[Stored data]
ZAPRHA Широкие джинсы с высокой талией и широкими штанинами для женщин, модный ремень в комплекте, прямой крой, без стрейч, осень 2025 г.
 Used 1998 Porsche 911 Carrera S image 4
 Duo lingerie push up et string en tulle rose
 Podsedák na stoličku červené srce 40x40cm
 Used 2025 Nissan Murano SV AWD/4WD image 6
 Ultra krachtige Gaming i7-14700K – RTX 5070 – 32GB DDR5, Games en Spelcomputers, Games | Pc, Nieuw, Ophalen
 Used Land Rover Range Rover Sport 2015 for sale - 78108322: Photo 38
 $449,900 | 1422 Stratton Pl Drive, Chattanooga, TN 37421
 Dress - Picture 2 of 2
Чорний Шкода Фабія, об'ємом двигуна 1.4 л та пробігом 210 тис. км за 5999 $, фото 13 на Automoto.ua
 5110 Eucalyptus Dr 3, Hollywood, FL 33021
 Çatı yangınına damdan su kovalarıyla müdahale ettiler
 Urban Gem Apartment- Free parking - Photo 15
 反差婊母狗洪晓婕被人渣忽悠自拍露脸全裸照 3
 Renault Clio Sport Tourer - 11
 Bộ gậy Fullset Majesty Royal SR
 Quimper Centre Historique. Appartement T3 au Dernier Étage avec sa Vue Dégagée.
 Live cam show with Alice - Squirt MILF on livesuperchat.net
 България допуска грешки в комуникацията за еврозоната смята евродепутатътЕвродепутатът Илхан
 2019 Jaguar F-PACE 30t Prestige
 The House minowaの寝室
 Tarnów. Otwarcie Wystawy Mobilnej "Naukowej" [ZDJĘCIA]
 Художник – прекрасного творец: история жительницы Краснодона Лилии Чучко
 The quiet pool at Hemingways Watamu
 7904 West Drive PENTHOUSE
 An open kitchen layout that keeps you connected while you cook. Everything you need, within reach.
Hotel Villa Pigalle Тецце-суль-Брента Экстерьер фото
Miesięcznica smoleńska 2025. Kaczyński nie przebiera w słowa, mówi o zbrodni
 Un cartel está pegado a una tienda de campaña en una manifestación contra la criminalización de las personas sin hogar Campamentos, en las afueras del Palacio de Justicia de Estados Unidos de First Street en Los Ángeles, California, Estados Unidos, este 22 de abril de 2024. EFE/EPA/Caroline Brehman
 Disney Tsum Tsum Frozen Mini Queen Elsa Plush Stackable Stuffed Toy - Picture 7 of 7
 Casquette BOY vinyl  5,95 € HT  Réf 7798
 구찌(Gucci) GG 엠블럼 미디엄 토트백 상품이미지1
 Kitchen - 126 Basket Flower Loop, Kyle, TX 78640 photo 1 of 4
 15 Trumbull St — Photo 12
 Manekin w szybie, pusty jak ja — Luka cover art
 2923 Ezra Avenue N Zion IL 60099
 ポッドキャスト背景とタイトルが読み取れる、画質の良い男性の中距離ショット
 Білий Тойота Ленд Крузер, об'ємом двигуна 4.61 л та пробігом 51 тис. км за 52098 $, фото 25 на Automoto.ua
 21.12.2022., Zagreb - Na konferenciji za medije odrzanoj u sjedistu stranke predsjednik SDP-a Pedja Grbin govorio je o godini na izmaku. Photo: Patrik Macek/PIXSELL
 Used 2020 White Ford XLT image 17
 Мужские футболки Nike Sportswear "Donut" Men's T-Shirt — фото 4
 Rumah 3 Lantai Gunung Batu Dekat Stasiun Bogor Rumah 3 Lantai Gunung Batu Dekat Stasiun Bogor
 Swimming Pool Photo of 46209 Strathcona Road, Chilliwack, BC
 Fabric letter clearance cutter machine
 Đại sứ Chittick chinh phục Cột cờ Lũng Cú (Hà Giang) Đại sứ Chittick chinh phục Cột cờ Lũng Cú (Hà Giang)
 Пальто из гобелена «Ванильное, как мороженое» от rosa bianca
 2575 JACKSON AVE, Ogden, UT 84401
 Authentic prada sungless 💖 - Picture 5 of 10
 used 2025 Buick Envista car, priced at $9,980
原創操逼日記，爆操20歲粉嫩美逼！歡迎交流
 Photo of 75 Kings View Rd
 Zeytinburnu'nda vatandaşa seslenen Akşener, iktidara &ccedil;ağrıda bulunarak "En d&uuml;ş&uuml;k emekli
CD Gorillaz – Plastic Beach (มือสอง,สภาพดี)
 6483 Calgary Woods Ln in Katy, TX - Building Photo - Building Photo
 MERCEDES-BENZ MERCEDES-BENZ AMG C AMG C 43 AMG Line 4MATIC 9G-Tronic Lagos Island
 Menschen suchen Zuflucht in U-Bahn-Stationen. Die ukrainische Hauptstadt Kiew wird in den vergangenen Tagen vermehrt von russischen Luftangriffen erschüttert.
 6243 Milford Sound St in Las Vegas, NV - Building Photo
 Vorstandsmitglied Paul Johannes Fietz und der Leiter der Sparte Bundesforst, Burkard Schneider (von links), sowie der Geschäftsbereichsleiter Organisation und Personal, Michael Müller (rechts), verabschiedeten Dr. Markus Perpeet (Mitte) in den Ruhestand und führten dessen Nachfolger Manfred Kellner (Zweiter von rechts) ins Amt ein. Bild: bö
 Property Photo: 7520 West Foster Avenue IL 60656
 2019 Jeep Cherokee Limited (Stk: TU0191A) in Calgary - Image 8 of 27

TASK TO CARRY OUT:
Looking at the records above, report how many lines contain the word "Avenue". Answer with the number only.

RESPONSE FOR THIS EXERCISE:
2